For most who study mitochondria and cardiac IR injury or protection, the mitochondrial permeability transition (PT) pore is the go-to target when we find an effect. But, we measured PT pore opening in Alkbh7-/- and it just wasn’t very impressive. Sure, there was a small change, but nowhere near enough to protect the heart from IR injury. So we struck out again. We also had recently shown that the induction of the mitochondrial unfolded protein response (UPRmt) was capable of inducing protection, but again no differences seen in the UPRmt in Alkbh7-/- mice. More negative data!
So, the upshot of all this is that we STILL don’t really understand how ALKBH7 is required for necrosis in heart attack. When you knock out ALKBH7, there’s an upregulation of GLO-1 and a rewiring of all the bits of metabolism that make MGO, and that appears to be required for the protection.
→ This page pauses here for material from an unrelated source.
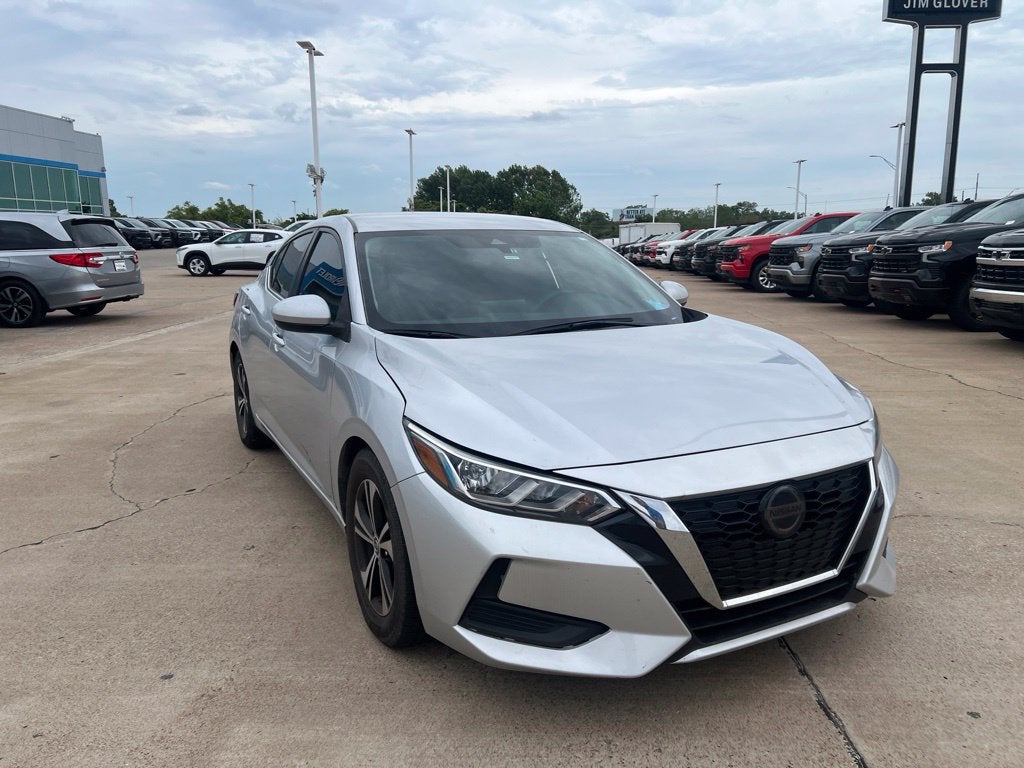 2023 Nissan Sentra SV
But exactly how this protein in the mitochondrion signals to MGO production in the cytosol (where glycolysis is), is still not well understood.
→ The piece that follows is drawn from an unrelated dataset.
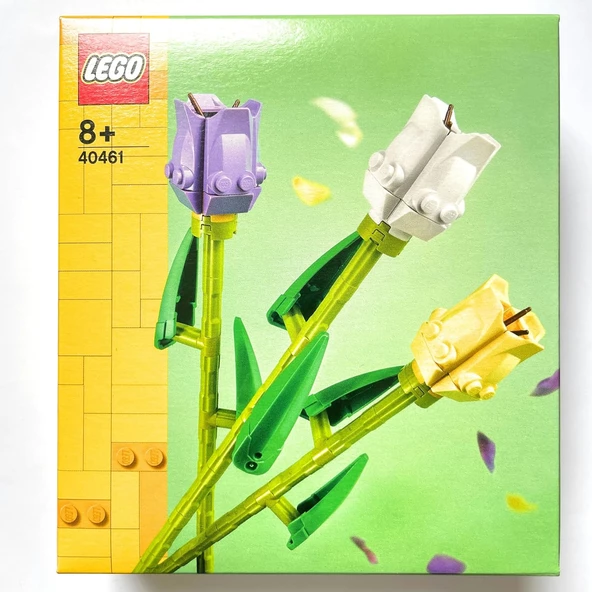 LEGO 40461 Creator Lale ürün görseli 1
Of course, the final writing and revision of the paper took place during the whole #Covid19 lock down and gradual reopening process, which essentially killed our ability to take a deeper dive and really close out the story. At the end of the day, it’s hard to study an enzyme for which there is no known activity and no known substrate! We’re still working in this area, and hope to be able to address some of these unknowns soon (for example by developing a screening assay for potential ALKBH7 substrates).
In sum, this started out as a collaboration with a biology colleague, took in a multi-omics approach (proteomics, metabolomics, PTM proteomics) and a bunch of other methods (the paper has >60 panels of data), and frankly most of what we found was negative. It’s frustrating, but that’s sometimes how science works. The good thing is we learned a bunch of interesting stuff along the way, and that brings us closer to understanding cardiac metabolism and how it can be manipulated for therapeutic benefit in situations such as IR.
As is usual for us now, the paper was posted as a preprint on @BioRxiv, and we also posted full data sets (humongous proteomics files) on FigShare.